Despite the potential value of these materials, only 17.4% of e-waste was recycled in 2019. The remaining 82.6% often ends up in countries outside Europe, and by that often ends up in nature. One of the causes of this low recycling rate is the complex recovery process of valuable materials. Electronic devices have become increasingly compact in recent years and contain increasingly smaller amounts of valuable metals per square centimeter. This increase in physical integration of microelectronic components makes the CRM extraction process increasingly complex.
A&M Recycling manually sorts PCBs based on value and separates them into bins. In this way they attempt to recover some of the valuable metals present. After sorting, the contents of the bins are shredded and transported to recovery facilities. This already makes it possible to recycle the PCBs at a low quality. However, this manual pre-processing is time-consuming, requires experienced and specialized personnel and limits the number of different categories into which sorting can take place.
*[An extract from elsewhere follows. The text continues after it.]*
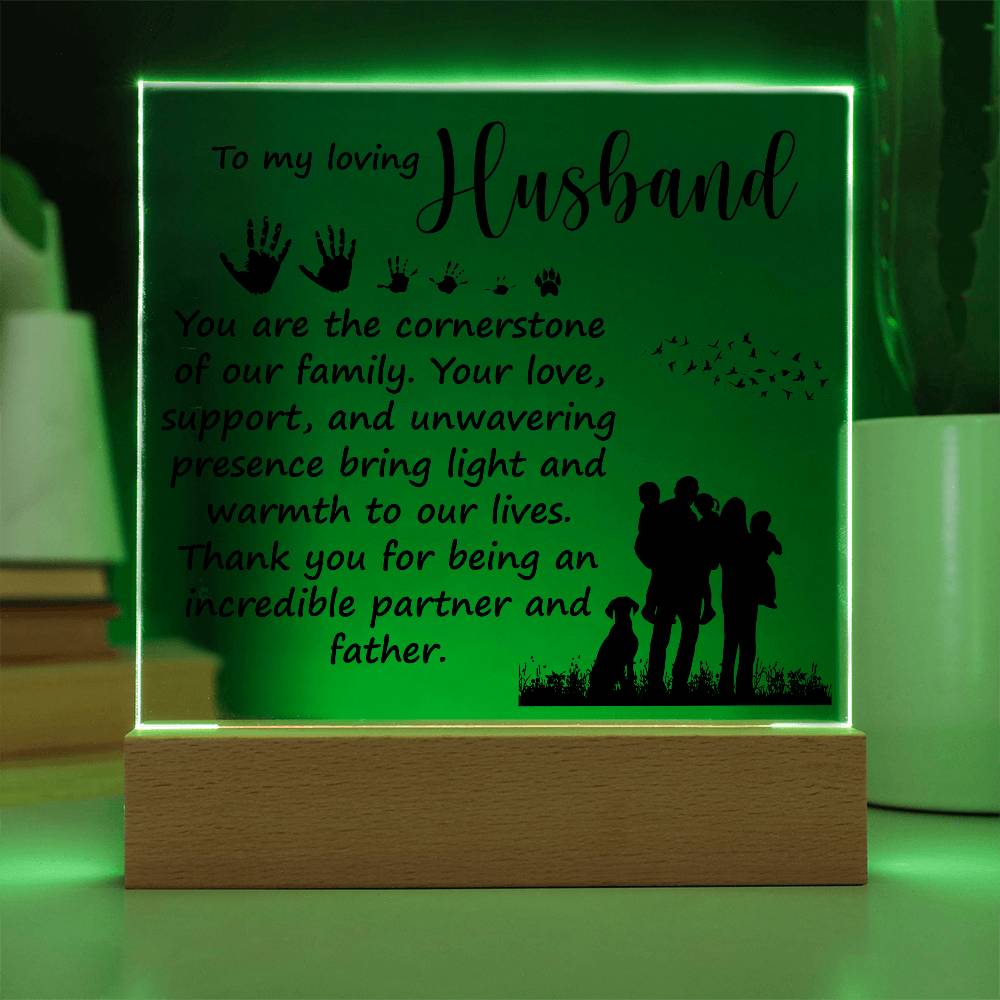 Dad Loving Husband Printed Square Shaped Acrylic Plaque-Express Your Love Gifts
The aim of the project is to find a solution to this problem in the form of developing a high-quality sorting machine. For this project, the economic and technical feasibility of an automated sorting solution is investigated. This involves identifying which metals are economically interesting to recover. On the one hand, we investigate what the potential material flow of these materials is and on the other hand, what the potential sales market is. In this way it can be determined what the most suitable classification of PCB waste is. The feasibility of separation based on visual detection hardware and software combination, via both deterministic and Machine Learning algorithms, is investigated.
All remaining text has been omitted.